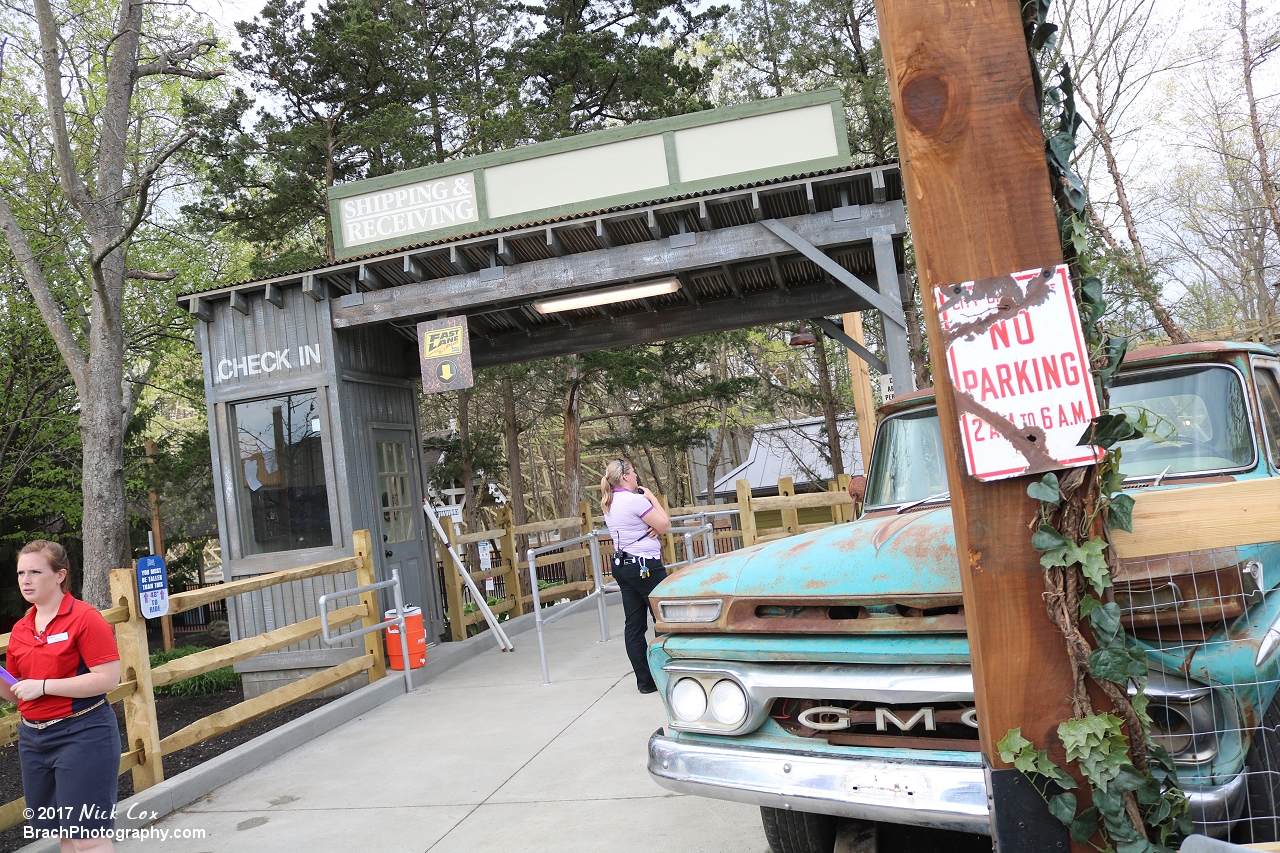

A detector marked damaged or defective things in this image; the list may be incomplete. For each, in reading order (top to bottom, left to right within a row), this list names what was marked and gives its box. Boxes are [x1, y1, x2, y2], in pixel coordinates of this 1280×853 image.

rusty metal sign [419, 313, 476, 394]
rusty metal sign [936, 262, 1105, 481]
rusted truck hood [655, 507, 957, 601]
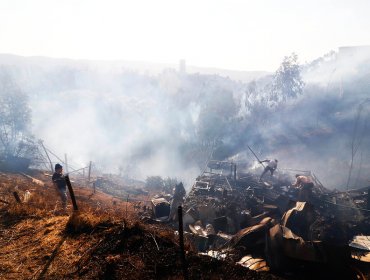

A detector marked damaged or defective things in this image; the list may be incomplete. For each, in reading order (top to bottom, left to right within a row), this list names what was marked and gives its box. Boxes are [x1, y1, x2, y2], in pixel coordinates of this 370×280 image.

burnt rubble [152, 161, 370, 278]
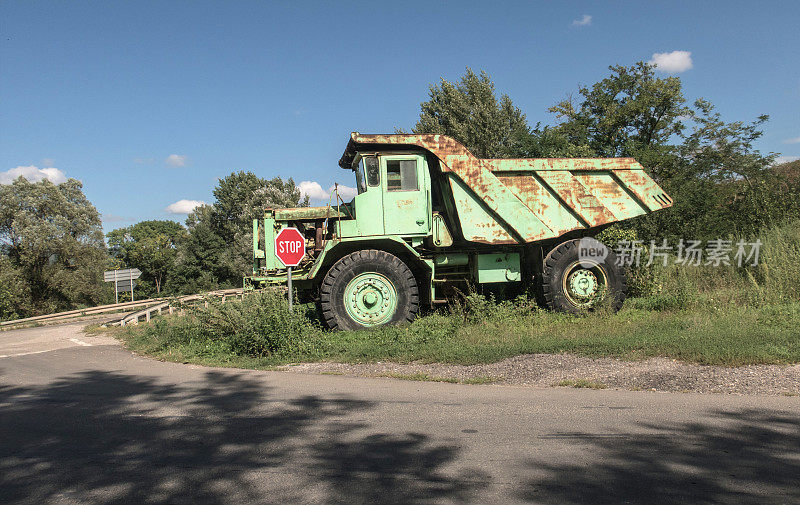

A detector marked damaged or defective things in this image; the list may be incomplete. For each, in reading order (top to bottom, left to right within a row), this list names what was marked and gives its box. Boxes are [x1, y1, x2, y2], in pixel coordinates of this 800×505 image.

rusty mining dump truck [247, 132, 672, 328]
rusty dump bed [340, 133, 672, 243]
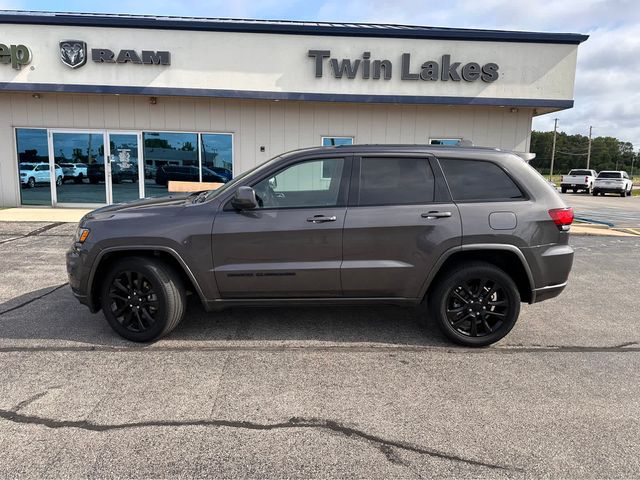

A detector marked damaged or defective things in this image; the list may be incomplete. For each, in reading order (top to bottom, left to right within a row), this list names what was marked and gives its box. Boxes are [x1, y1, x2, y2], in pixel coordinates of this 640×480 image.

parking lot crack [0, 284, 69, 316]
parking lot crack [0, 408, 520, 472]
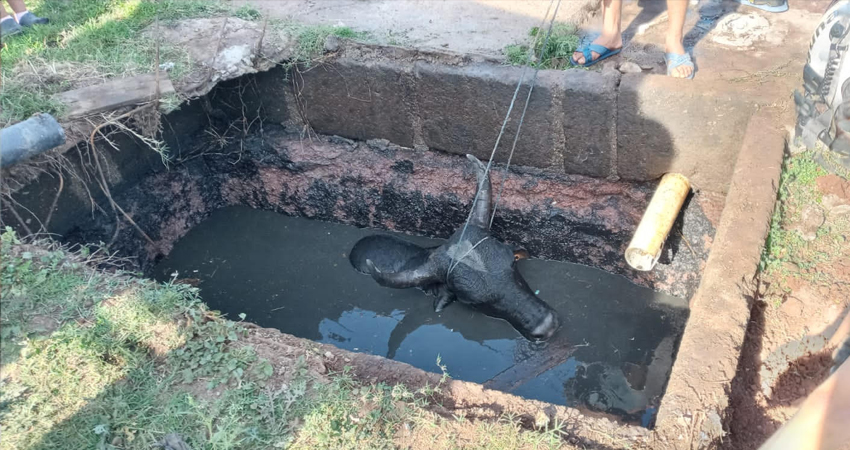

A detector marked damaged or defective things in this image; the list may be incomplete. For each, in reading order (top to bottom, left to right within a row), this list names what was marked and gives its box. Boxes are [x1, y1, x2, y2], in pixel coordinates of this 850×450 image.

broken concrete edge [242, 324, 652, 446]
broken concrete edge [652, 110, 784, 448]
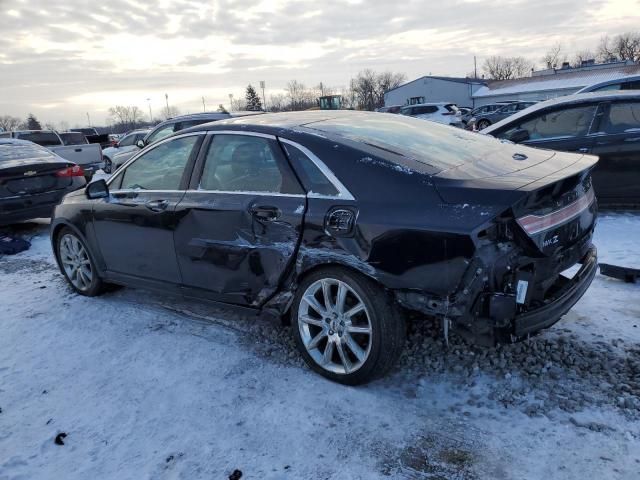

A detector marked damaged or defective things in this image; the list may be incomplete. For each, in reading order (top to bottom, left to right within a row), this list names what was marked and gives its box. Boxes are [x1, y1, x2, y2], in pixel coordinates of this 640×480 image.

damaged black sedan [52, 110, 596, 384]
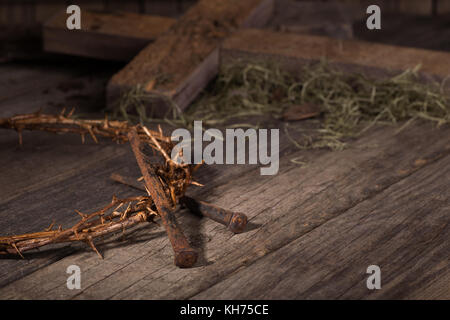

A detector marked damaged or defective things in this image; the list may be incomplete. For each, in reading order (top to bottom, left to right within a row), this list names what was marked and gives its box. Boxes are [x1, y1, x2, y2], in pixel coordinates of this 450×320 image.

* Task to complete:
Pictures aside, the material must be written out word for word.

* Exercise answer:
A detector marked damaged or defective things in this image; the list may be incomplete. For each, in reading order (top to bottom, left to right within a row), this list names what was marked and gives its box. Boxes are [x1, y1, x2, y2], in pixel coordinates of this 1280×853 image.

rusty metal sign [419, 313, 476, 394]
rusty metal sign [936, 262, 1105, 481]
rusted truck hood [655, 507, 957, 601]

A detector marked damaged or defective things in this image; the list may be incomplete. For each, in reading order (top to bottom, left to right within a row), this list names what was marked and gives its box. Boxes are [x1, y1, x2, y2], in pixel coordinates of this 370×280 image.

burnt rubble [152, 161, 370, 278]

A detector marked damaged or defective things in this image; the list may be incomplete. For each, in reading order (top to bottom, left to right within a row), this list names what was marked and gives its box. Boxes are [x1, y1, x2, y2], in pixel coordinates of this 800×505 image.

rusty mining dump truck [247, 132, 672, 328]
rusty dump bed [340, 133, 672, 243]

A detector marked damaged or defective things in this image; the list may be incomplete. For each, in reading order (top to bottom, left to right within a row), this list names what was marked and gives its box. Boxes are [x1, y1, x2, y2], in pixel coordinates of this 640×480 image.

parking lot crack [0, 284, 69, 316]
parking lot crack [0, 408, 520, 472]

A detector marked damaged or defective things in this image; the list may be incomplete. For each, in reading order (top to bottom, left to right within a row), this list names what was marked and gives its box. Boxes are [x1, y1, x2, y2], in pixel coordinates of this 850×450 image.

broken concrete edge [242, 324, 652, 446]
broken concrete edge [652, 110, 784, 448]

A detector marked damaged or defective things in this image; the list may be incomplete. For each, in reading order (top to bottom, left to right within a row), this list names what was marked and gives its box. Boxes are [x1, y1, x2, y2], in pixel coordinates of this 640×480 image.

damaged black sedan [52, 110, 596, 384]

A detector marked damaged or defective things in this image; the list may be incomplete. For each, in reading order (top to bottom, left to right within a row), this list names what was marked and gives its box. Boxes are [x1, y1, x2, y2], in pixel coordinates of this 450×320 image.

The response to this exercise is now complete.